Hunting For Komodo Dragons on Komodo Island

Let it be said right from the get-go. There is never a guarantee you’ll spot a Komodo Dragon in the wild but there are usually a few hanging around the kitchens on both islands. The Park Service on Komodo Island feeds the dragons in the morning; chicken and fish. They used to throw the odd goat or two in the past to keep tourists from being disappointed if they didn’t see one lurking in the underbrush. I don’t think a chicken or fish would go far in sating a Komodo Dragon’s intake of 50 kilos/110 pounds at one sitting. That would take a lot of chickens.

The Sea Star moored close to the Loh Liang jetty on Komodo Island around 3:00p. Captain dropped anchor and we were assisted into a little dinghy towed behind the boat. Neither of us understood why we had to take a dinghy in when there was a long pier available with no other boats. Ah…little grasshopper, the ways of others are beyond me. It was just us and the Komodo Dragons this afternoon since the majority of tourists work their way west from Flores to Rinca to Komodo Island. Komodo Island is the largest of the islands in the Komodo National Park.


dock at Loh Liang entrance to Komodo National Park, Indonesia

Komodo National Park, UNESCO World Heritage Site, Indonesia

direction signs for different hiking paths on Komodo Island, Indonesia


A member of the crew accompanied us to the main office for check-in, carrying paperwork since we had prepaid entrance, camera and guide fees. There are hiking trails throughout the national park but it is not permitted to walk without a guide as dragons have occasionally attacked, and killed humans. There are small fishing villages on Komodo Island and occasionally a dragon feasts on a human; rare but it does happen. Guide Latif asked us to stay together and not wander off. Was he crazy? Wander off? Steve and I made one silhouette.  Latif armed himself with the traditional forked stick used to ward off dragons, selected the forest trail and off we went, sticking to him like glue, towards a water hole. Perhaps, a Komodo Dragon would be lurking in the underbrush waiting for a deer.

There are four different treks a person can take. Easy takes one hour; Medium 1-1/2 hours; hard and adventurous 2+ hours. Even if you pick the hardest trek, there is still no guarantee you’ll see one of the 1,200 dragons on Komodo Island. One hour, one and a half hours sounds very easy until you experience the steam heat of Komodo Island. Those of you who have grown up in a Houston, Texas summer will have no problem. Sweat poured off with each step.
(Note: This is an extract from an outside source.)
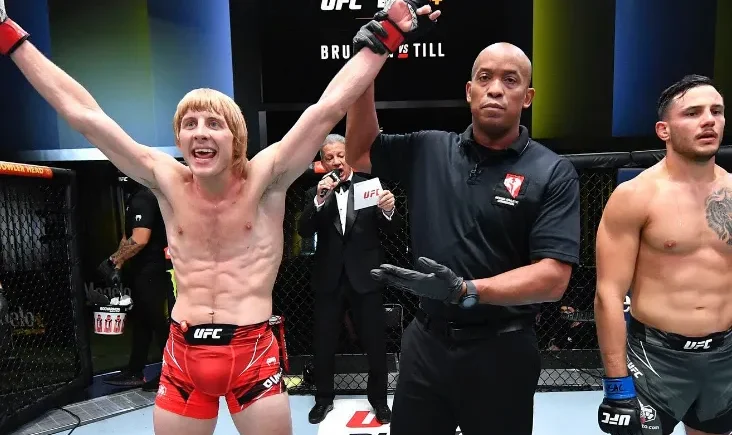 Paddy Pimblett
an oriole on Komodo Island, Indonesia


We squished through the mud and saw…an oriole…a pigeon. Continued on and saw…palm trees. More walking. A wild pig disappeared into the bush. Still walking, Latif tried to keep up our interest talking about palm trees since there was nothing interesting to see. Nirvana. Towards the end of this boring forest walk, Latif spotted a baby Komodo Dragon high in the crack of a cave. How he saw it, I’ll never know. The baby was perhaps two months old and would stay concealed in the rock crack for another month. Older dragons eat the babies if they are on the ground.

baby Komodo Dragon hiding in the rocks, Indonesia


Fortunately, four Komodo Dragons were hanging around the kitchen area – an adult male and a few younger ones. Latif kept urging me to get closer for photographs. (The shaky video attests to the fact that I was not getting closer and telephoto’d in the best I could.)


big male Komodo Dragon on Komodo Island, Indonesia

a Komodo "youngster" on Komodo Island, Indonesia

a few Komodos hanging around the kitchen area, Indonesia


The unexpected baby Komodo Dragon sighting was thrilling. However, seeing Komodo Dragons was not as stupefying as envisioned, but we can now add it to our “been there…done it” list. Back past the gauntlet of men selling pearls and carved Komodo dragons to the Sea Star. Coffee and a yummy but strange saltine cracker that was sweet as well as salty, we motored off towards Rinca Island where the Captain would moor the boat for the night, along the beautiful coastline

dive boat in Komodo Island harbor, Indonesia

Komodo Island coastline, Indonesia



We’d visit the dragons on Rinca Island tomorrow. For now, more rain, dinner and sleep. Or, try to sleep. The Sea Star leaves lights on throughout the night. Pretty difficult to sleep with a light bulb hanging over your bed, and a noisy generator. Add climbing up and down ladders to the bathroom during the night, and walking on a rain slick deck trying not to do a “Natalie Wood.”  I finally dug out the old ear plugs, covered eyes with a towel and dozed off.